→ Your assignment: Only one stretch of the listing below is wanted. Begin at the line that has "Foto: Kuess", stop after the line that has "bild, bilder, bilddatenbank", and repeat every line in between exactly.

[[ Records for the exercise, beginning ]]

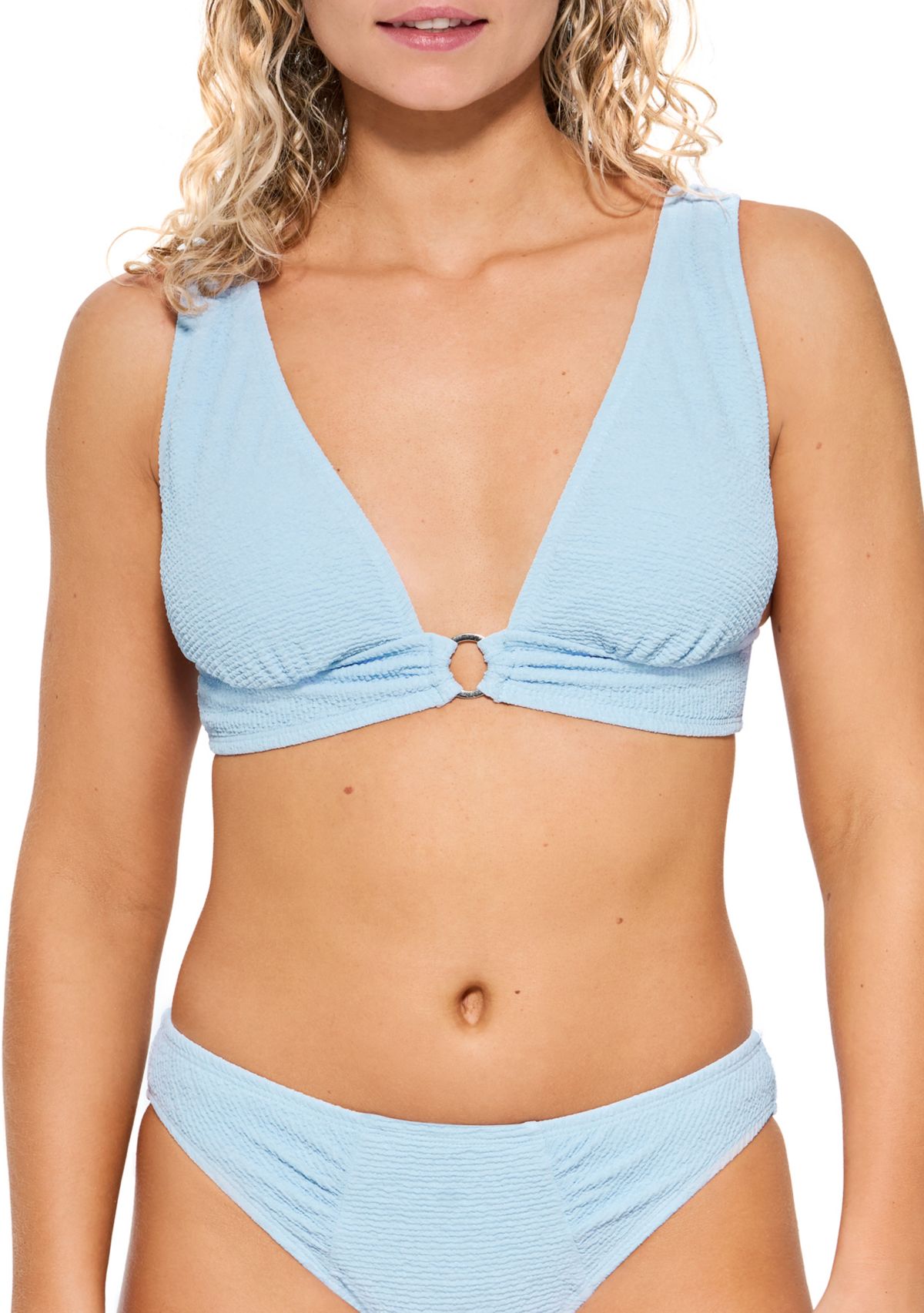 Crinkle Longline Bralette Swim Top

[[ Records for the exercise, end ]]
[[ Records for the exercise, beginning ]]

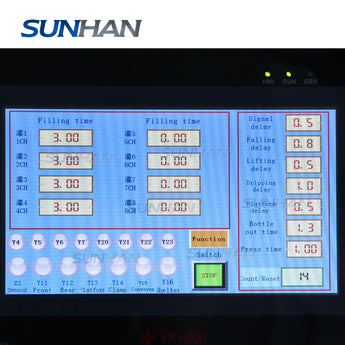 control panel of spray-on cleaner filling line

[[ Records for the exercise, end ]]
[[ Records for the exercise, beginning ]]

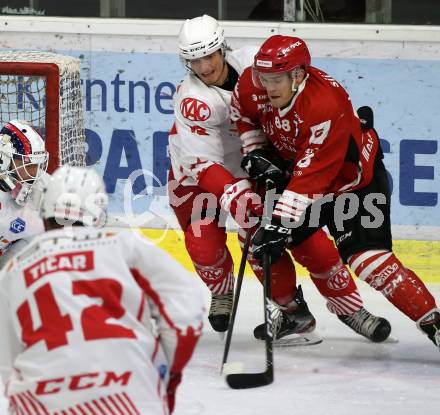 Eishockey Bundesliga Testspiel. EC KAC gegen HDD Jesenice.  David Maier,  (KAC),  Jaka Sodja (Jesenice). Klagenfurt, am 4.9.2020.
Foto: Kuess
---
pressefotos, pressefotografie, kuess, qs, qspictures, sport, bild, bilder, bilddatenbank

[[ Records for the exercise, end ]]

→ Task solution:
Foto: Kuess
---
pressefotos, pressefotografie, kuess, qs, qspictures, sport, bild, bilder, bilddatenbank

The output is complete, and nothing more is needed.